FP has a long history of using combinator libraries for expressing parallelism, and there are a lot of variations of the general idea. The main design choices in this sort of library are around how explicit to make the forking and joining of parallel computations. That is, should the API force the programmer to be fully explicit about when parallel tasks are being forked off into a separate logical thread, or should this be done automatically? And similarly, when waiting for the results of multiple logical threads (say, for the implementation of map2), should the order of these joins be something the programmer explicitly specifies or chosen by the framework?
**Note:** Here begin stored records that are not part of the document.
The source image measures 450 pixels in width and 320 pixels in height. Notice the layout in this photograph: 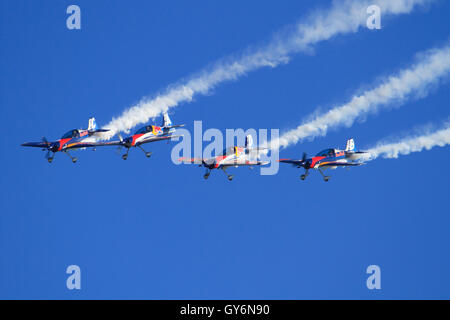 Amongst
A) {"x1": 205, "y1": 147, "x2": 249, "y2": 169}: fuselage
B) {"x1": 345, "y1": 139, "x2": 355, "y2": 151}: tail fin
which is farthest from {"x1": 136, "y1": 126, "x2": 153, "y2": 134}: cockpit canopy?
{"x1": 345, "y1": 139, "x2": 355, "y2": 151}: tail fin

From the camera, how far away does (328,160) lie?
101812mm

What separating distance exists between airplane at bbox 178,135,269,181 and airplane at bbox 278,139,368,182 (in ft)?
11.5

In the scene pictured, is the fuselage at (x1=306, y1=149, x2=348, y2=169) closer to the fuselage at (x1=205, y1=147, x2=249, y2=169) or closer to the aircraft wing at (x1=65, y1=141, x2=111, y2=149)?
the fuselage at (x1=205, y1=147, x2=249, y2=169)

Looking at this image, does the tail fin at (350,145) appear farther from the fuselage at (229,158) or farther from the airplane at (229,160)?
the fuselage at (229,158)

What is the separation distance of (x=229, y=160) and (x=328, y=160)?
390 inches

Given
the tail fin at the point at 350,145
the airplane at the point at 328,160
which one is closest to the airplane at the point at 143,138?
the airplane at the point at 328,160

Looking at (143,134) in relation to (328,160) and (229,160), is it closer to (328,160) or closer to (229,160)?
(229,160)

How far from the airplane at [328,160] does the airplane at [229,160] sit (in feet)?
11.5

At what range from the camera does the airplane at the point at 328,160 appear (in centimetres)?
10088

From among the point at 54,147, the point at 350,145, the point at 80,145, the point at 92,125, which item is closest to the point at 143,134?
the point at 92,125

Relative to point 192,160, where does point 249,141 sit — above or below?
above

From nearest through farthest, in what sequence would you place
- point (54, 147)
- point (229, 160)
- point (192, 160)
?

The library we developed in this chapter sits somewhere in the middle--it is explicit about where tasks are forked, but not when tasks are joined (notice that map2 picks the order it waits for the two tasks whose results it is combining). The join order can be made more explicit. Simon Marlow, one of the GHC Haskell developers, discusses this in Parallel programming in Haskell with explicit futures. Also see the full paper, Seq no more: Better Strategies for Parallel Haskell, which does a nice job of explaining some of the history of approaches for parallelism in Haskell.
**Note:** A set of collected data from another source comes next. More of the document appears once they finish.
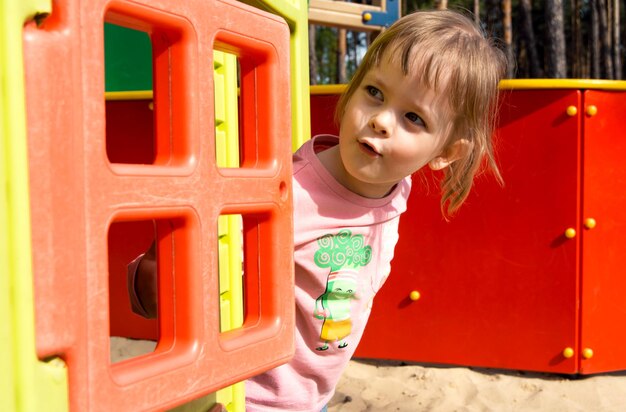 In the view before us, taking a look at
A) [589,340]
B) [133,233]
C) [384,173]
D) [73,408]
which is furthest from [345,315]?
[133,233]

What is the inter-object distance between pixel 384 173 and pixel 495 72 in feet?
1.25

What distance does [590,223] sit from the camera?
306 centimetres

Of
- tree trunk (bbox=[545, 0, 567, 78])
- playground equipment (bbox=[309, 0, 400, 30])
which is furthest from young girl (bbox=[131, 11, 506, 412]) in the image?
tree trunk (bbox=[545, 0, 567, 78])

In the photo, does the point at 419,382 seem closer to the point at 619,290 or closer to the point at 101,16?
the point at 619,290

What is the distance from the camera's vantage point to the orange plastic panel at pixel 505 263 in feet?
10.1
Note that because Scala is a strict-by-default language, being more explicit about the join order isn't necessarily as beneficial as in Haskell. That is, we can get away with reasoning about join order much like we think about evaluation in normal strict function application.
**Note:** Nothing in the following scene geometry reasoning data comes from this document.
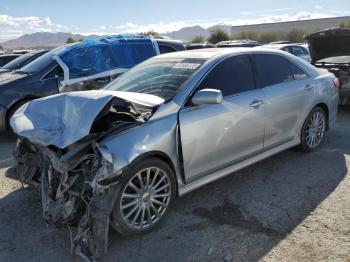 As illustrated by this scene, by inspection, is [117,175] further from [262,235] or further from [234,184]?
[234,184]

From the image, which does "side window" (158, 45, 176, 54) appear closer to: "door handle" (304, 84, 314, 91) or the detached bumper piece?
"door handle" (304, 84, 314, 91)

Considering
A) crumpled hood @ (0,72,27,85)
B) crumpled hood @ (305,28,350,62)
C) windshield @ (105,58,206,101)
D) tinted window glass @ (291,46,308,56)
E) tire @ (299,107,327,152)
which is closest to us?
windshield @ (105,58,206,101)

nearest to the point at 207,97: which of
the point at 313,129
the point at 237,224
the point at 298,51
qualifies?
the point at 237,224

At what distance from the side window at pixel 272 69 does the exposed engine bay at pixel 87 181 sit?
1755mm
This style of library isn't particularly good at expressing pipeline parallelism that's possible when transforming streams of data. For instance, if we have a Stream[Int] of 10000 items, and we wish to square each value, then compute a running sum of the squared values, there is a potential for parallelism--as we are squaring values, we can be passing the squared values off to another consumer that is emitting the running sum of the values it receives. We'll be discussing stream processing and pipeline parallelism more in part 4.

Notes about map fusion

We noted in this chapter that one of our laws for Par, sometimes called map fusion, can be used as an optimization:

map(map(y)(g))(f) == map(y)(f compose g)

That is, rather than spawning a separate parallel computation to compute the second mapping, we can fold it into the first mapping. We mentioned that our representation of Par doesn't allow for this, as it's too 'opaque'. If we make Par a proper data type and give it constructors that we can pattern match on, then it's easy to implement map fusion:

trait Par[+A] {
  def map[B](f: A => B): Par[B] = this match {
    case MapPar(p, g) => MapPar(p, g andThen f)
    case _ => MapPar(
  }
case class MapPar[A,+B](par: Par[A], f: A => B) extends Par[B]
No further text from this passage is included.